[PATCH v3 02/15] x86/dumpstack: Add save_stack_trace()_fast()
From: Byungchul Park
Date: Tue Sep 13 2016 - 05:49:37 EST
In non-oops case, it's usually not necessary to check all words of stack
area to extract backtrace. Instead, we can achieve it by tracking frame
pointer. So made it possible to save stack trace lightly in normal case.
I measured its ovehead and printed its difference of sched_clock() with
my QEMU x86 machine.

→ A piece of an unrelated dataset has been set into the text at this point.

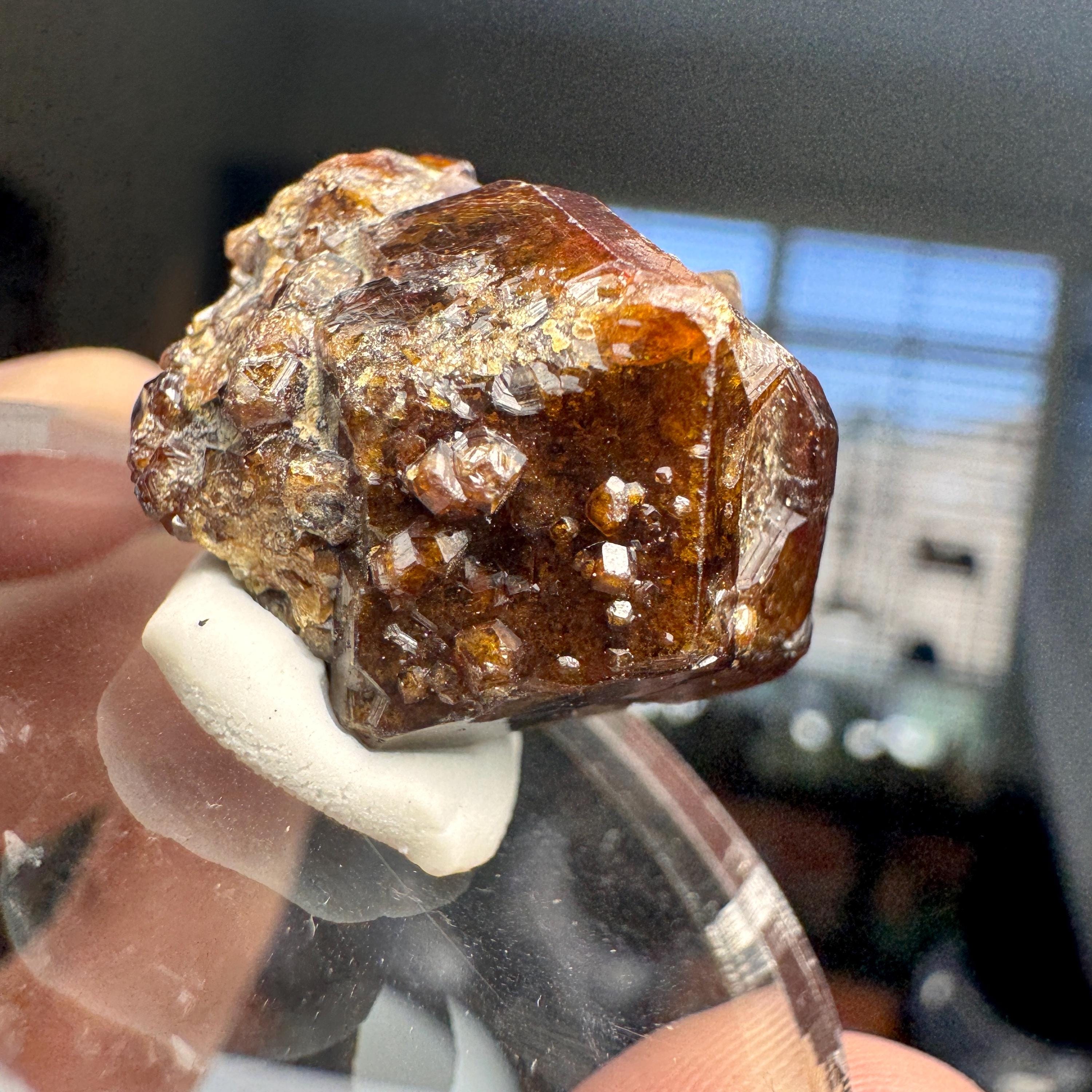 天然アンドラダイト赤茶色ガーネット原石サムネイル原石鉱物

The latency was improved over 80% when
trace->max_entries = 5.
Before this patch:
[ 2.795000] save_stack_trace() takes 21147 ns
[ 2.795397] save_stack_trace() takes 20230 ns
[ 2.795397] save_stack_trace() takes 31274 ns
[ 2.795739] save_stack_trace() takes 19706 ns
[ 2.796484] save_stack_trace() takes 20266 ns
[ 2.796484] save_stack_trace() takes 20902 ns
[ 2.797000] save_stack_trace() takes 38110 ns
[ 2.797510] save_stack_trace() takes 20224 ns
[ 2.798181] save_stack_trace() takes 20172 ns
[ 2.798837] save_stack_trace() takes 20824 ns
After this patch:
[ 3.133807] save_stack_trace() takes 3297 ns
[ 3.133954] save_stack_trace() takes 3330 ns
[ 3.134235] save_stack_trace() takes 3517 ns
[ 3.134711] save_stack_trace() takes 3773 ns
[ 3.135000] save_stack_trace() takes 3685 ns
[ 3.135541] save_stack_trace() takes 4757 ns
[ 3.135865] save_stack_trace() takes 3420 ns
[ 3.136000] save_stack_trace() takes 3329 ns
[ 3.137000] save_stack_trace() takes 4058 ns
[ 3.137000] save_stack_trace() takes 3499 ns
Signed-off-by: Byungchul Park <byungchul.park@xxxxxxx>
---
arch/x86/kernel/stacktrace.c | 25 +++++++++++++++++++++++++
include/linux/stacktrace.h | 2 ++
2 files changed, 27 insertions(+)
diff --git a/arch/x86/kernel/stacktrace.c b/arch/x86/kernel/stacktrace.c
index a44de4d..d8da90f 100644
--- a/arch/x86/kernel/stacktrace.c
+++ b/arch/x86/kernel/stacktrace.c
@@ -53,6 +53,10 @@ static int save_stack_end(void *data)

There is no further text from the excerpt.